How exactly would the change of regime impact the industry? One of the projects under threat, whose developer does not want to be identified, would have had a capacity of 22MW. The developer, who has already signed a contract with a turbine manufacturer, has so far spent more than £1 million on obtaining consents and will become liable for more than £10m for improvements made to the National Grid network to provide the capacity to connect the proposed wind farm.

An official announcement on government plans was originally expected to have been made by Rudd around ten days ago. It was rescheduled for last week and then cancelled. A spokeswoman for the Department of Energy and Climate Change said on Friday that the announcement would be made "shortly".

"We are consulting with the devolved administrations as we implement the commitment to end new public subsidy for onshore wind projects," the spokeswoman said.

Earlier this year uncertainty over the direction of UK energy policy led to the UK slipping down an influential global ranking for renewable investment.

According to the Renewable Energy Country Attractiveness Index published by financial advisory firm EY, the policy uncertainty contributed to the UK falling to 8th place in the index. In 2005, the UK was ranked in first place.

EY said that the uncertainty in the UK came at a time when competition for investment in energy infrastructure is intensifying internationally and that this would pose an increasing threat to the UK's ability to attract investors.

Conservative MSP Murdo Fraser, Convenor of the Scottish Parliament's Economy, Energy and Tourism Committee, told the Sunday Herald that the Tory pledge to remove subsidies for onshore wind would be delivered although there was perhaps some wiggle room on when the subsidies would be withdrawn for consented projects.

Fraser claims that, if the projects that have so far gained planning permission are built, Scotland will meet the government's target of producing 100 per cent of the country's electricity needs from renewable sources by 2020, allowing for a base load of conventional generation to guarantee constant supplies.

"I am not sure I understand why we need to continue to subsidise onshore wind energy generation if we are already on track to meet the 2020 target," he said. "There is, though, a legitimate issue about the phasing out of any subsidy withdrawals: when there is a pipeline of consented projects it would be unreasonable to pull the plug immediately."

Fraser backs the Conservative push to put more resources towards offshore wind generation as, despite the higher cost of building turbines at sea, offshore wind farms are more efficient as they can tap higher wind speeds. Offshore wind farms also have the advantage of not impacting on countryside of scenic value and, therefore, not impacting on tourism, he added.

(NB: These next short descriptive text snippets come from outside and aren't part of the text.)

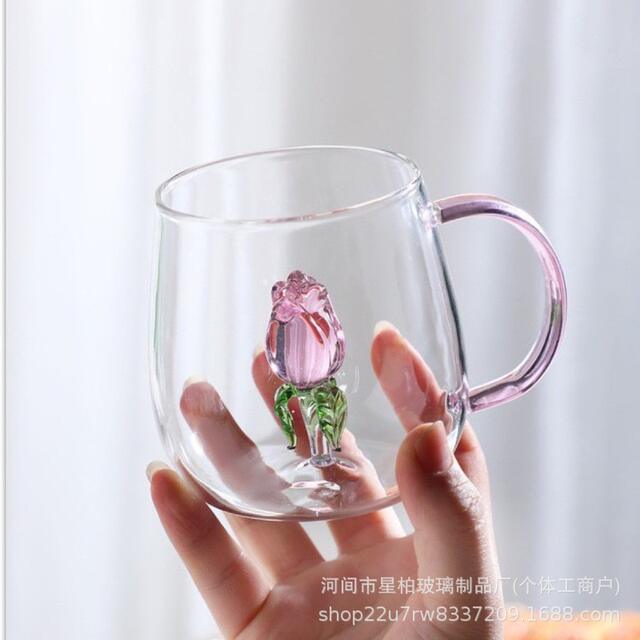 Three-Dimensional Animal and Flower Shaped Glass Cup, Colorful Handle Household Office Drinking Cup, High Borosilicate Coffee Glass Cup detail 10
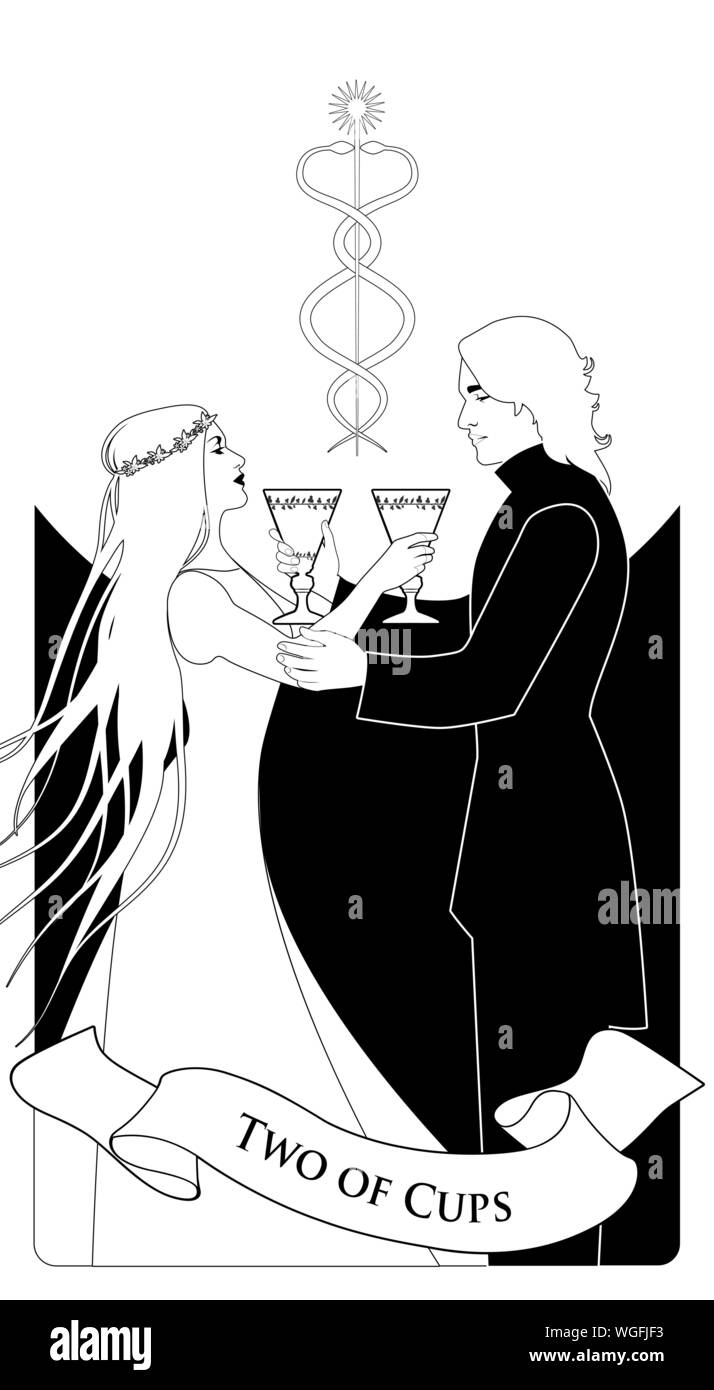 Zwei Tassen. Tarot Karten. Junges Paar mit einer goldenen Schale. Caduceus Symbol von zwei verschlungenen Schlangen Stock Vektor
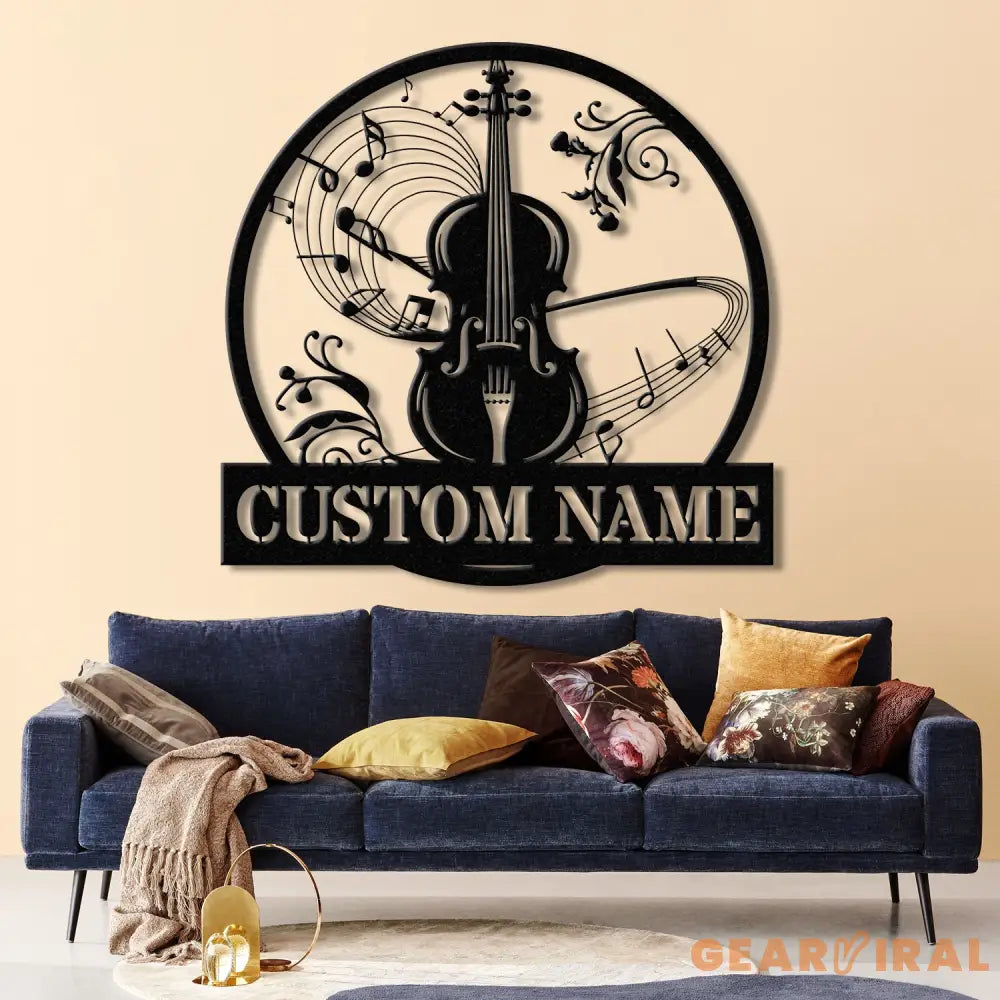 Custom Cello Instrument Metal Wall Art with LED Light Personalized Player Name Sign Music Room Decor Birthday or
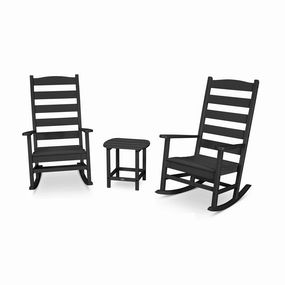 POLYWOOD Shaker 3-Piece Porch Rocking Chair SetAdirondack chair set with side table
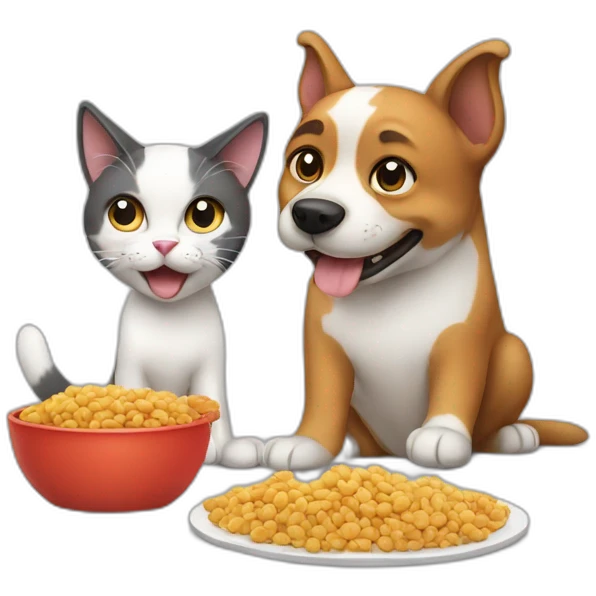 Dog and cat eating food  emoji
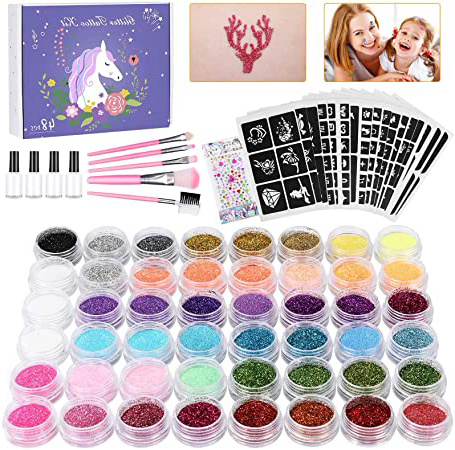 Winpok Tatuajes Purpurina, 48 Colores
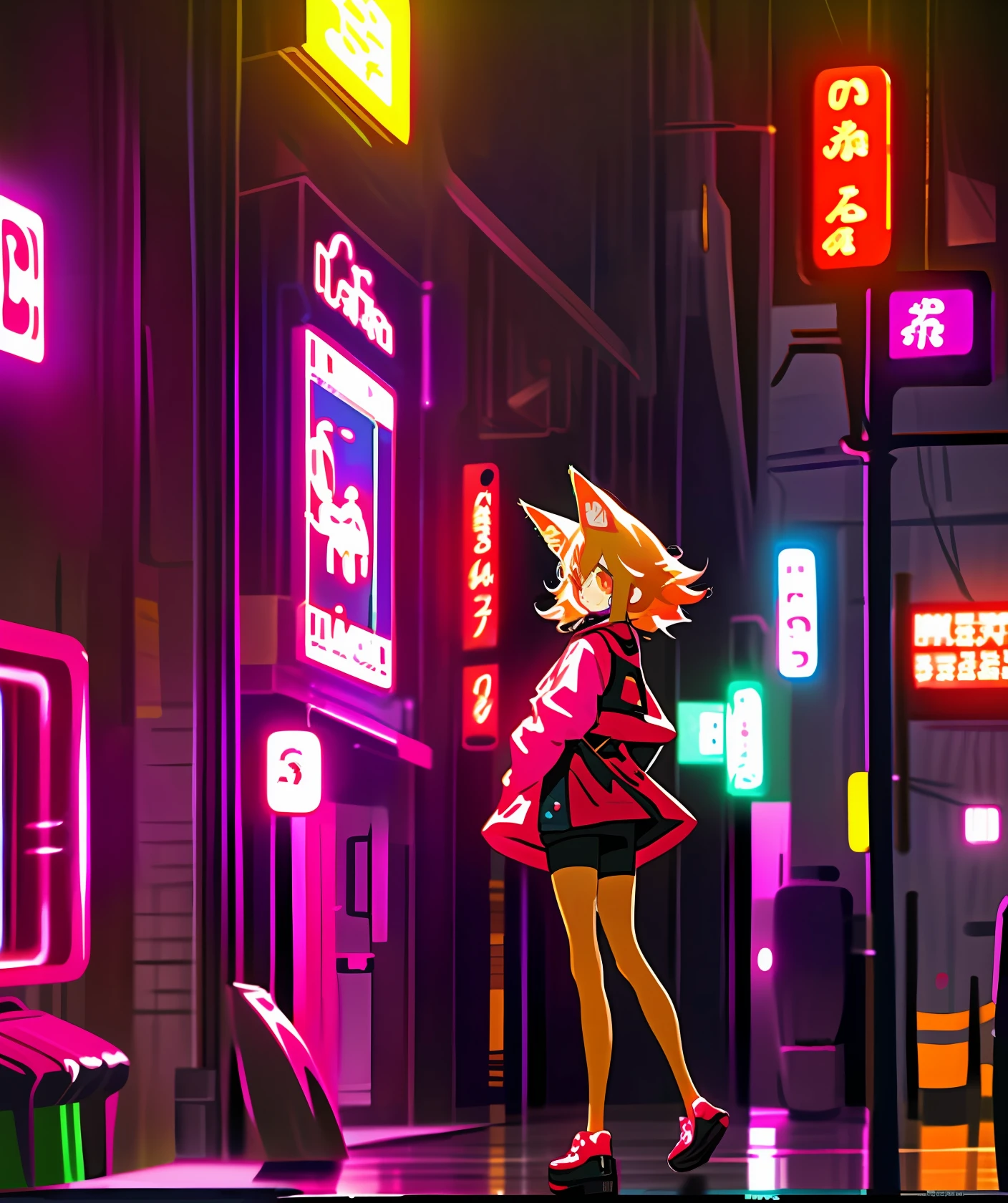(tmasterpiece,best qualtiy),1 cute female fox standing in the hallway and street corner,It sits in cute pose,Flashing neon lights,Wear cute costumes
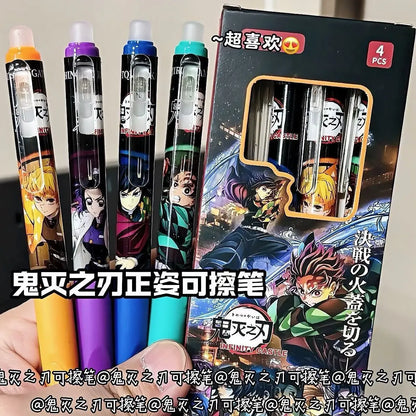 4pcs Demon Slayer erasable pens cartoon anime retractable pens ST quick-dry 0.5mm ballpoint pens for students study stationery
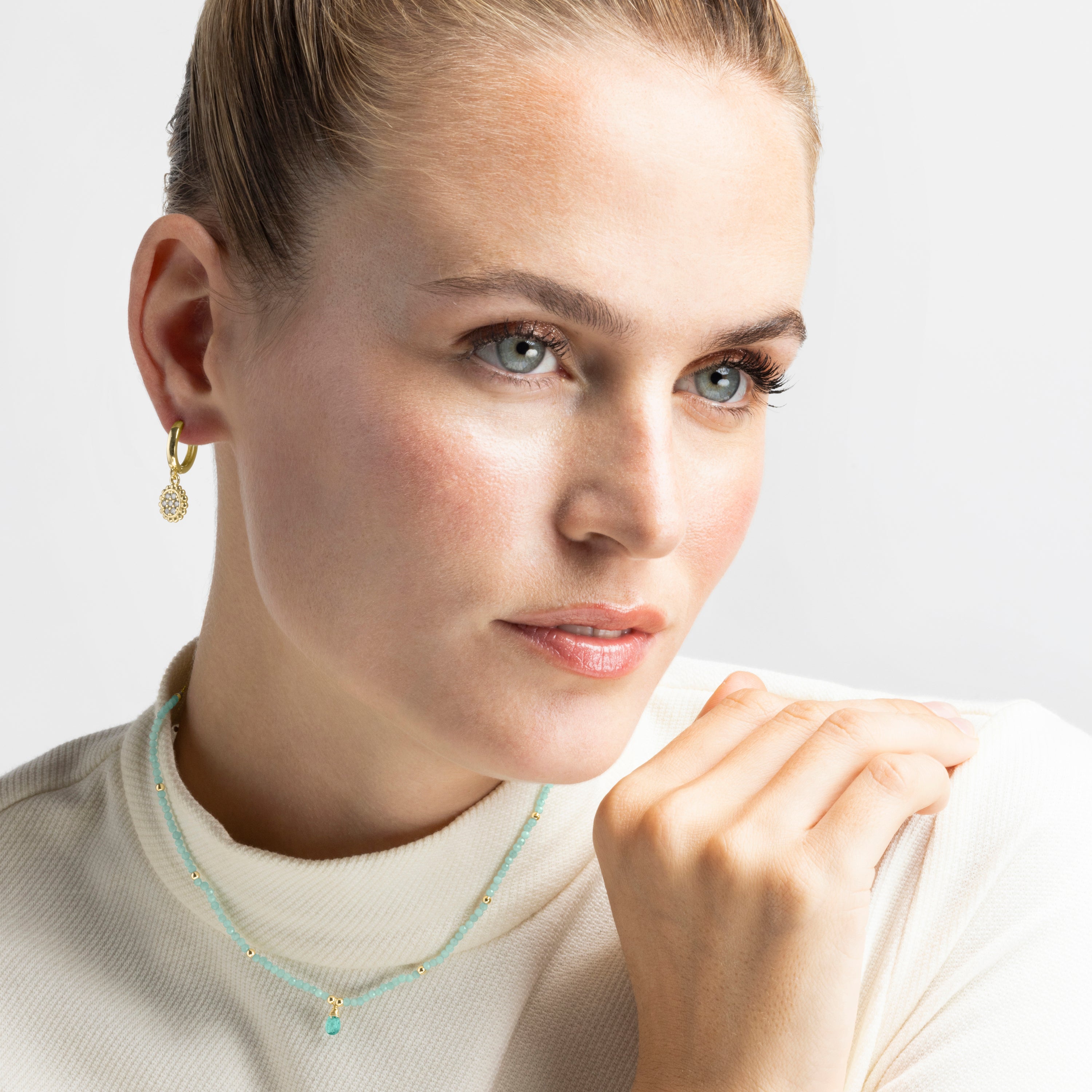 Brilliant Zirconia Earrings finished in 18K yellow gold - Abdau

Linda Holt of the Scotland Against Spin lobby group, which campaigns for the reform of what it calls the Scottish Government's "unsustainable" wind energy policy, said she hoped that the Conservative government delivers on its manifesto promise to remove subsidies for onshore wind farms.

"Having won the election, they have not merely a mandate but an obligation to follow through so the wind industry can hardly act as if this is unfair or unexpected," she said. "That was a risk that the developers took. They are speculators and it is disgraceful that they are now talking about suing the government."

The introduction by the previous coalition government of the CfD regime had had a beneficial impact on the renewable energy sector, Holt believes. Forcing generators to bid against each other in blind auctions had made the sector more competitive and had led to a 20 per cent reduction in costs, she claimed.

Holt is particularly critical of the Scottish Government's energy policy which, she says, will - because of the closure next year of the Longannet coal-fired power station in Fife, the Scottish Government's anti-nuclear policy and the need to have a minimum of base load generation capacity to keep the lights burning on windless or sunless days - turn Scotland from being a net exporter of electricity to England into a net importer.

Last month Scottish First Minister Nicola Sturgeon demanded that David Cameron give her a veto over any plans to cut subsidies for wind farms, raising the prospect that subsidies could continue to be paid to new projects in Scotland (where most of the UK's onshore wind farms are located) but not south of the border.

That would mean that English consumers would continue to foot most of the costs for the development of onshore wind farms north of the border and that is likely to be politically unacceptable for many English MPs.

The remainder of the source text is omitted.